┌─ DATA TO PROCESS

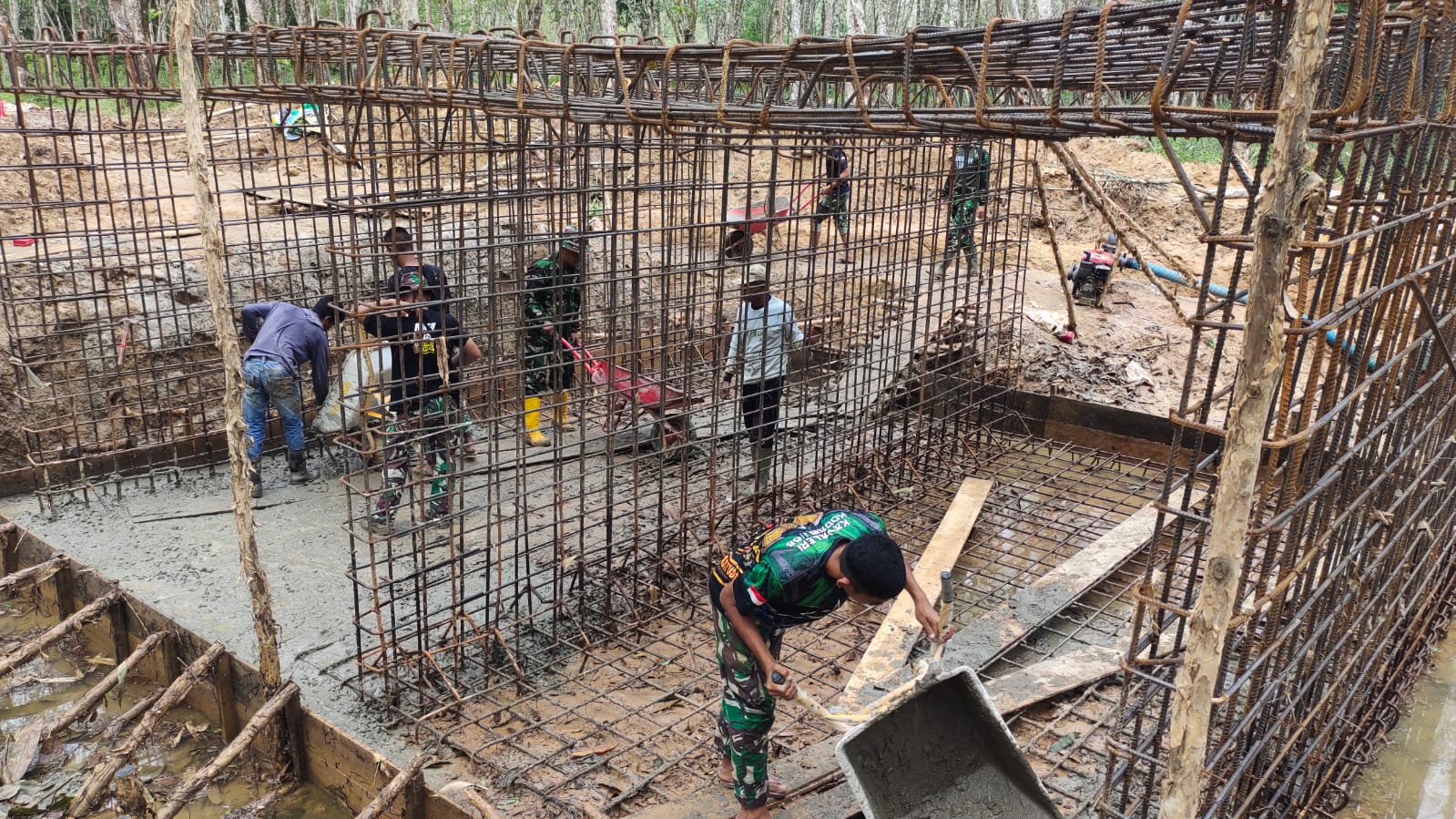  Warga dan TNI Kebut Pengerjaan Box Culvert di Desa Cahya Bumi
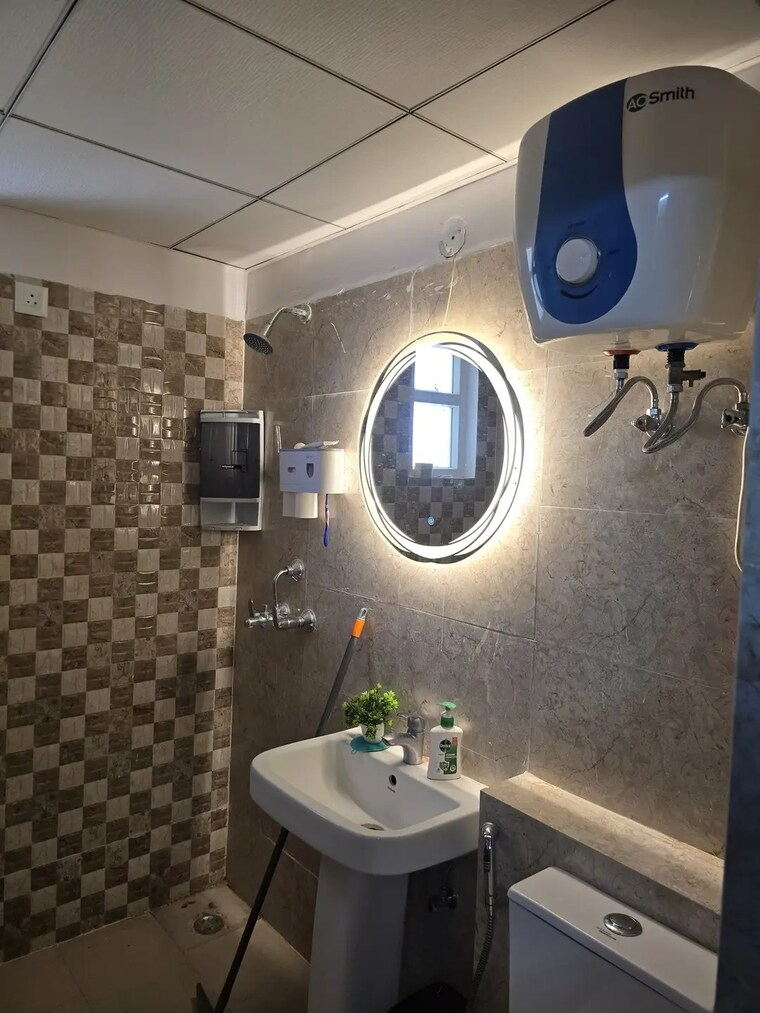 Bathroom, gaur-city-2-14th-avenue 2 Bedroom 955 Sq.Ft. Apartment In Sector 16c Greater Noida Greater Noida 8476683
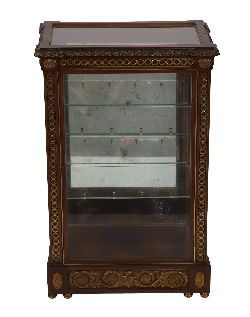 19TH-CENTURY TABLE-MOUNTED BIJOU DISPLAY CABINET WITH ORMOLU MOUNTS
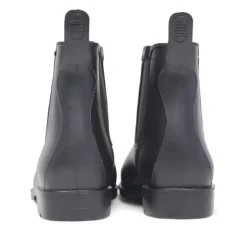 Botas agua estilo chelsea en negro con tirador trasero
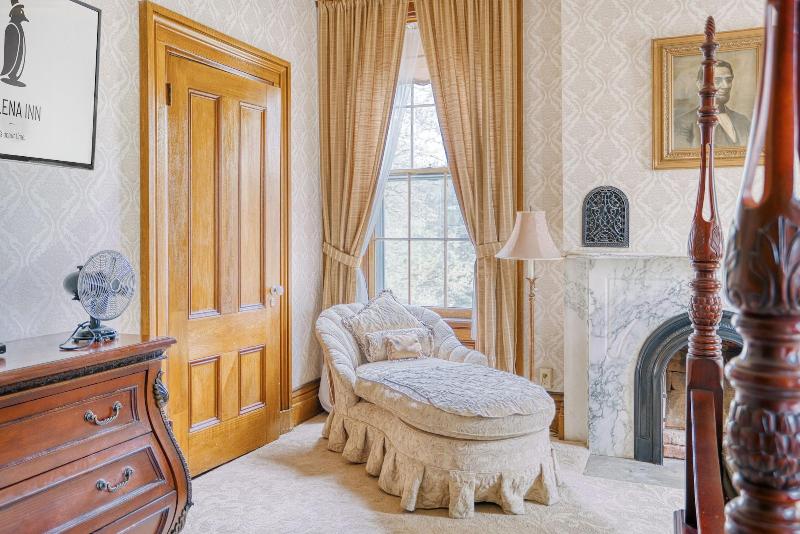 The Victorian Mansion image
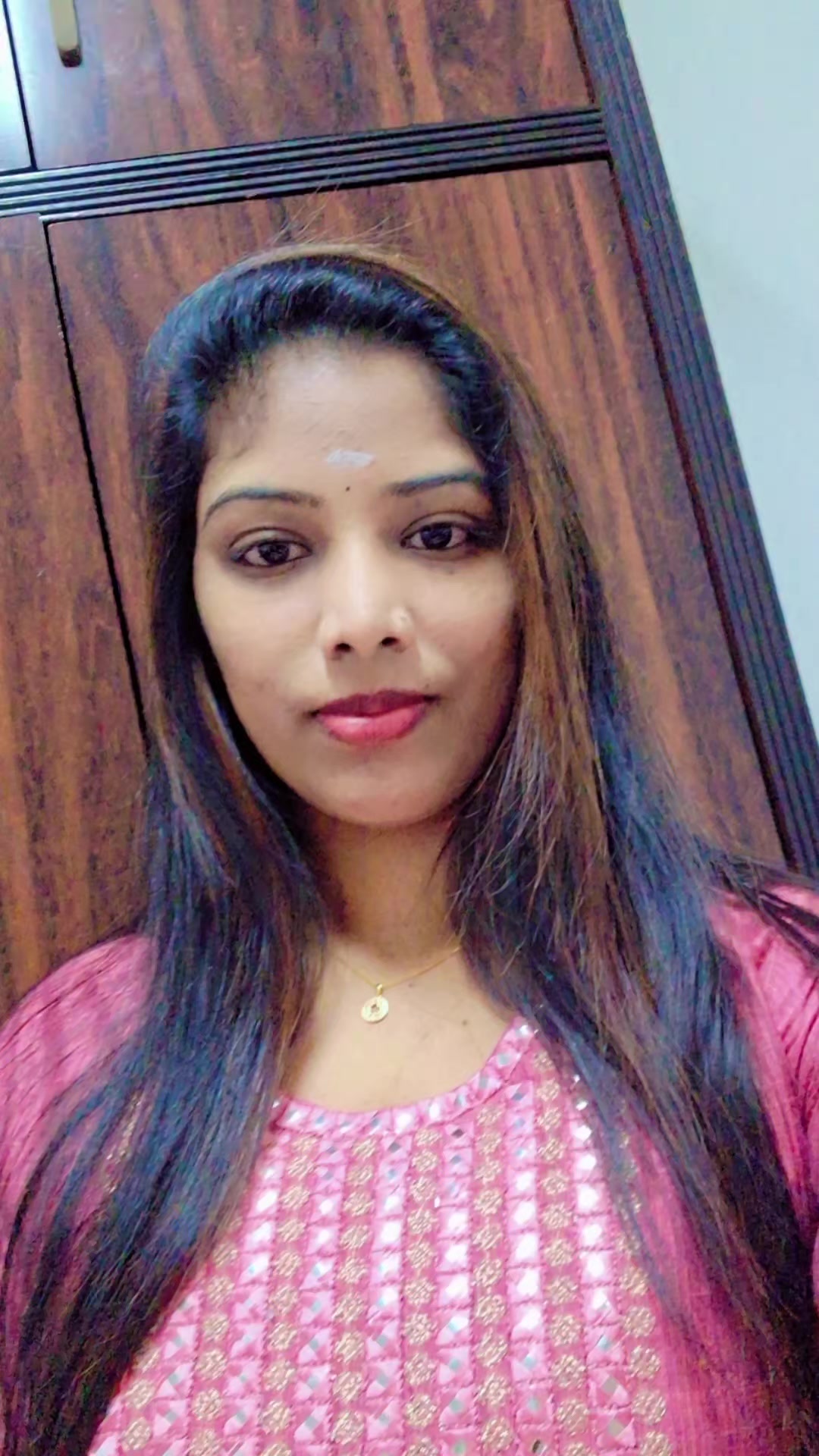 @Mano Chitra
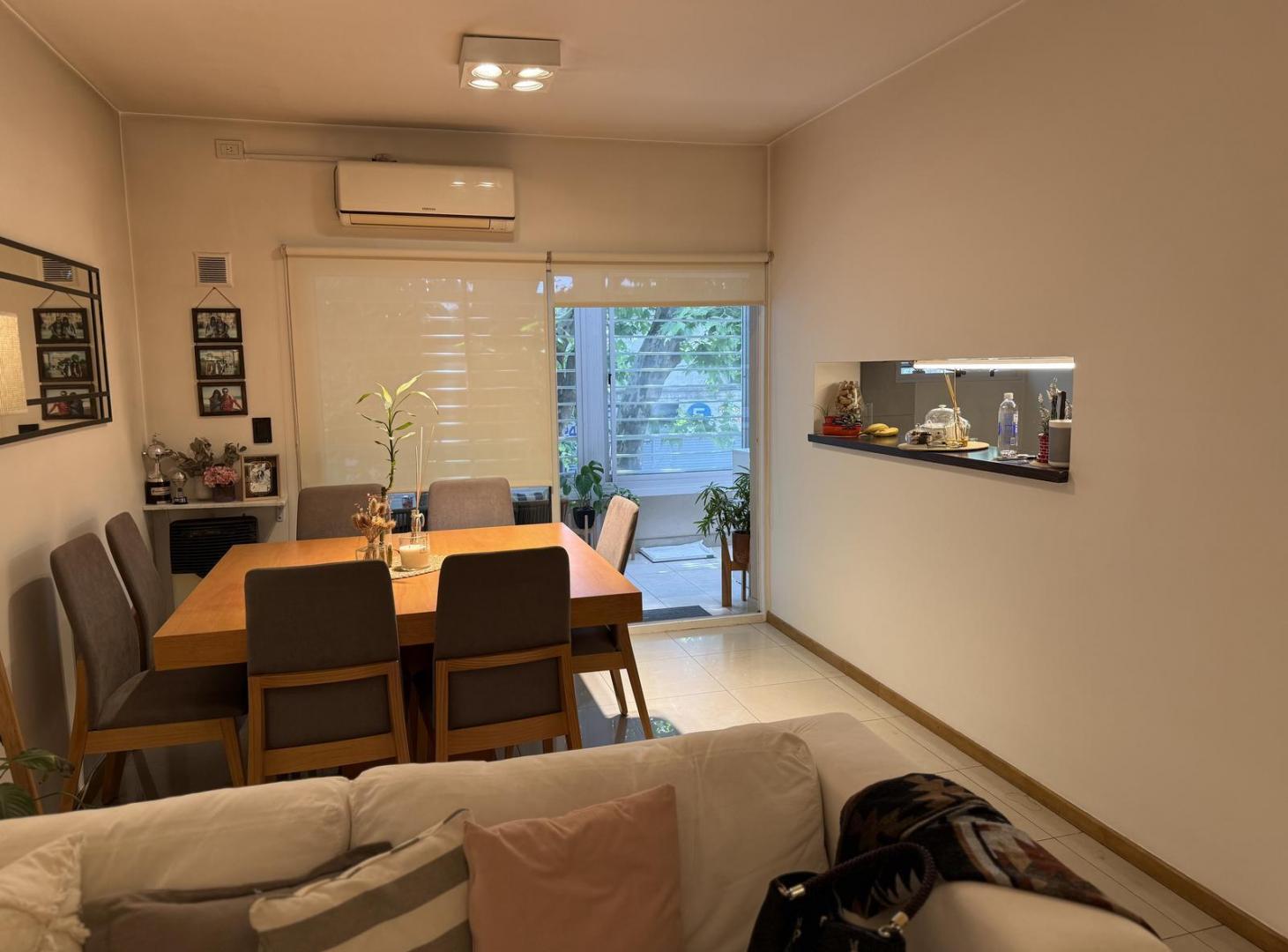 Foto de Venta Departamento 3 amb con cochera y balcón al frente. Impecable, imagen 2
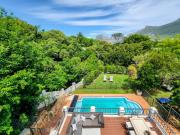 Hout Bay Family Home Pool Sauna Mountain Views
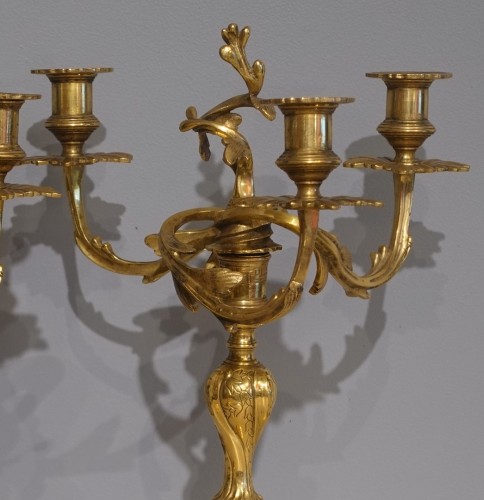 Paire de candélabres en bronze doré d'époque XVIIIe - Louis XV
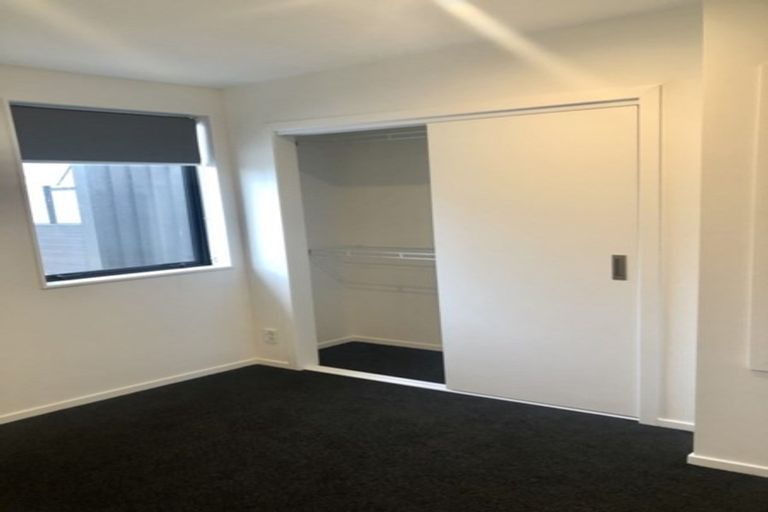 Photo of property in 4/15 Chivalry Road, Glenfield, Auckland, 0629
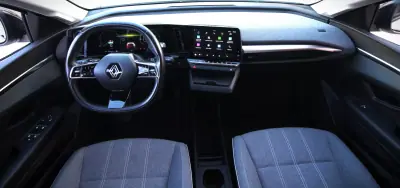 Renault Mégane E-Tech 2022 - 21000 EUR, 31000 km - AUTO.MOTO.pt - 31000km - foto 11 de 29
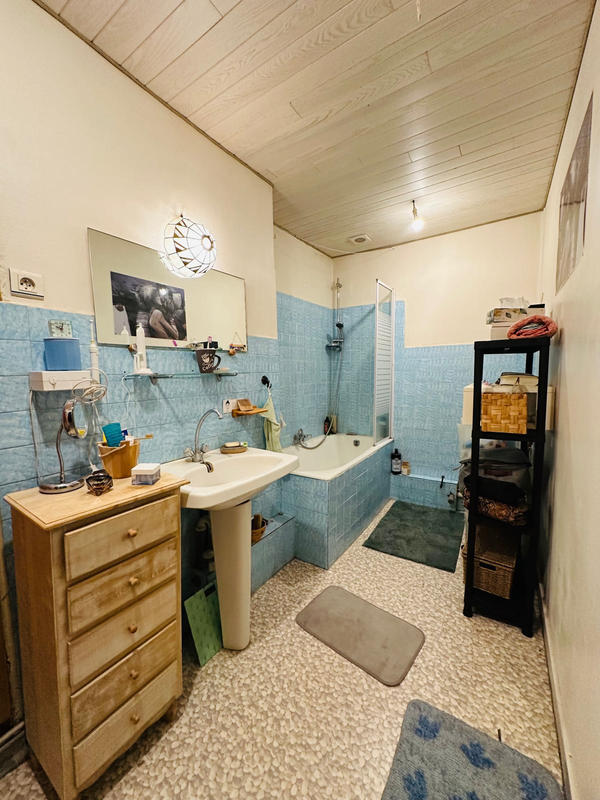 Appartement - 79 m² - 3 pièces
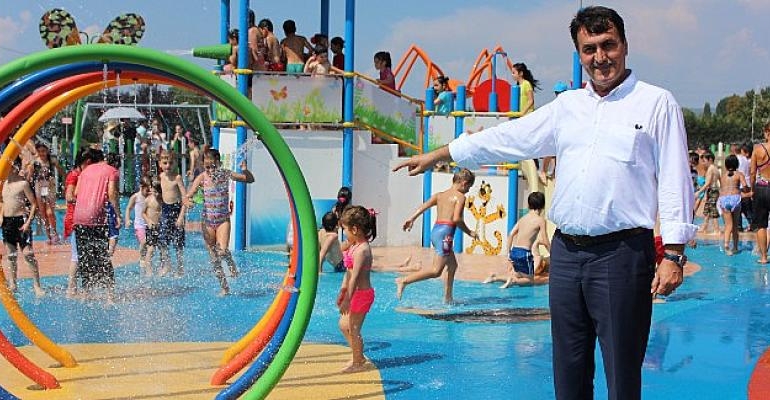 Başkan Dündar’dan Çocuklara Bayram Hediyesi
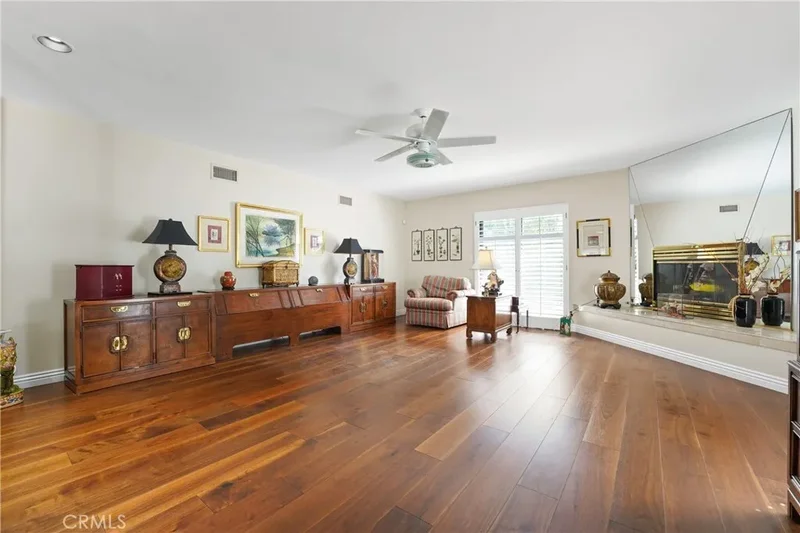 17654 Knapp, Northridge, CA 91325, Los Angeles, California, United States. - Photo 16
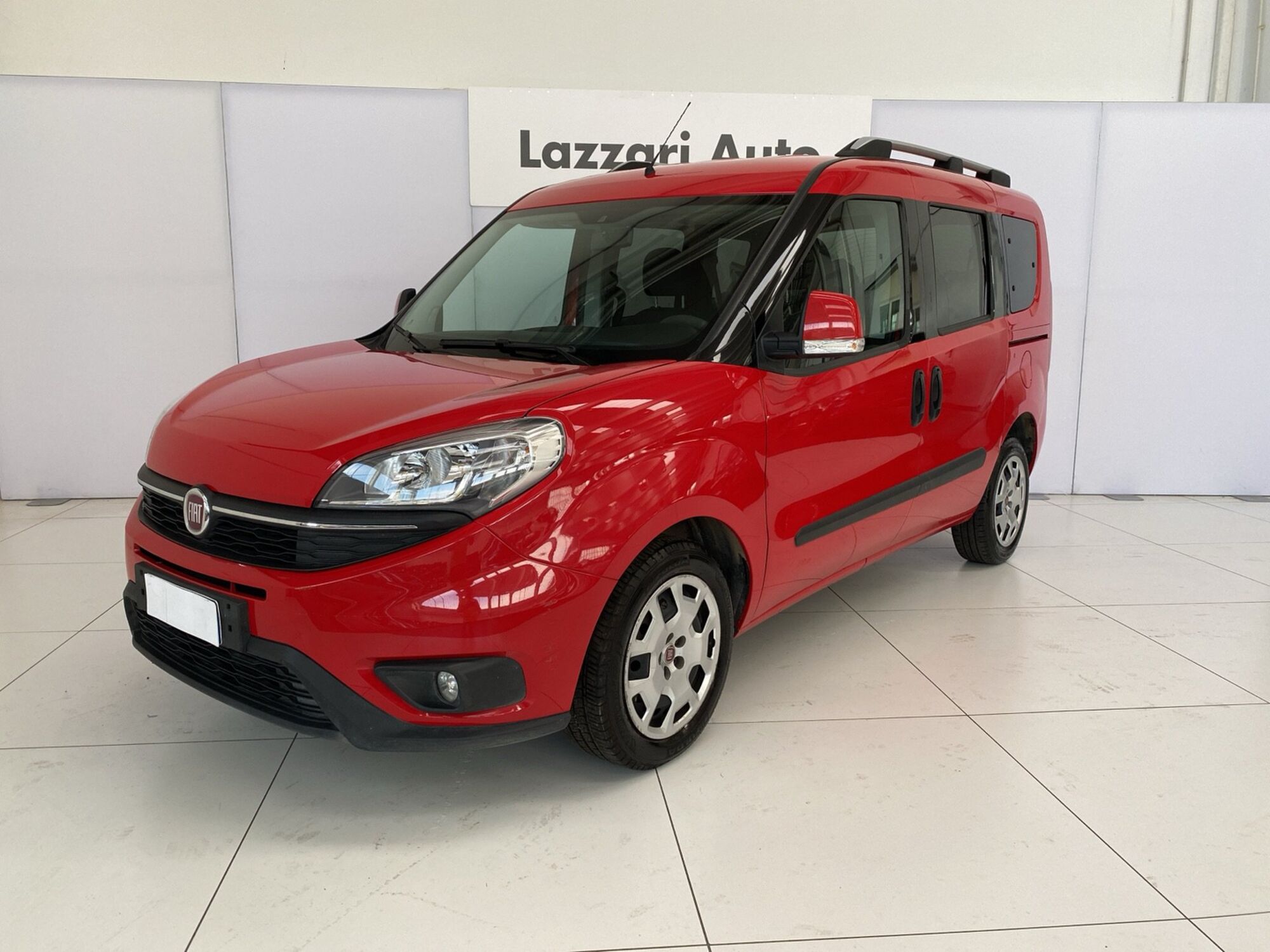 Fiat Dobl&ograve; 1.6 MJT 16V 105CV  Pop del 2015 usata a Cornegliano Laudense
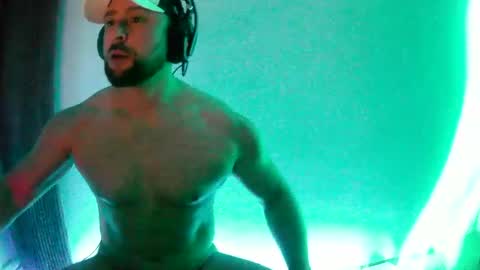 luk_me online show from December 5, 11:23 pm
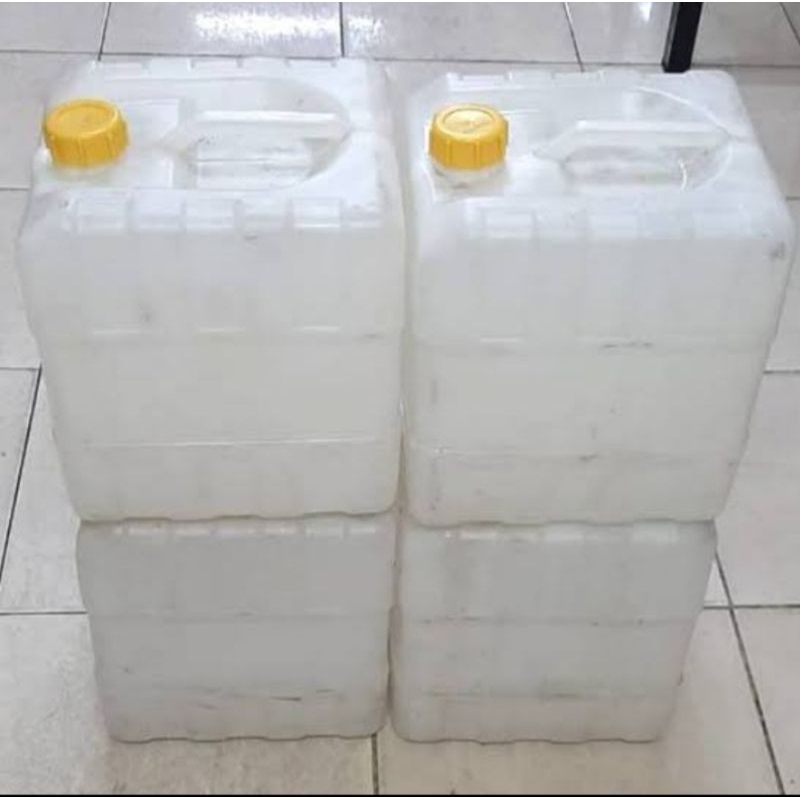 jerigen Derigen bekas 18 Liter ( jerigen + tutup )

└─

» WHAT TO WORK ON
Starting with the line that holds "Botas agua estilo", transcribe exactly each line through the last one of the material above, and nothing else. Do not include pictures.

» TASK OUTPUT
 Botas agua estilo chelsea en negro con tirador trasero
 The Victorian Mansion image
 @Mano Chitra
 Foto de Venta Departamento 3 amb con cochera y balcón al frente. Impecable, imagen 2
 Hout Bay Family Home Pool Sauna Mountain Views
 Paire de candélabres en bronze doré d'époque XVIIIe - Louis XV
 Photo of property in 4/15 Chivalry Road, Glenfield, Auckland, 0629
 Renault Mégane E-Tech 2022 - 21000 EUR, 31000 km - AUTO.MOTO.pt - 31000km - foto 11 de 29
 Appartement - 79 m² - 3 pièces
 Başkan Dündar’dan Çocuklara Bayram Hediyesi
 17654 Knapp, Northridge, CA 91325, Los Angeles, California, United States. - Photo 16
 Fiat Dobl&ograve; 1.6 MJT 16V 105CV  Pop del 2015 usata a Cornegliano Laudense
 luk_me online show from December 5, 11:23 pm
 jerigen Derigen bekas 18 Liter ( jerigen + tutup )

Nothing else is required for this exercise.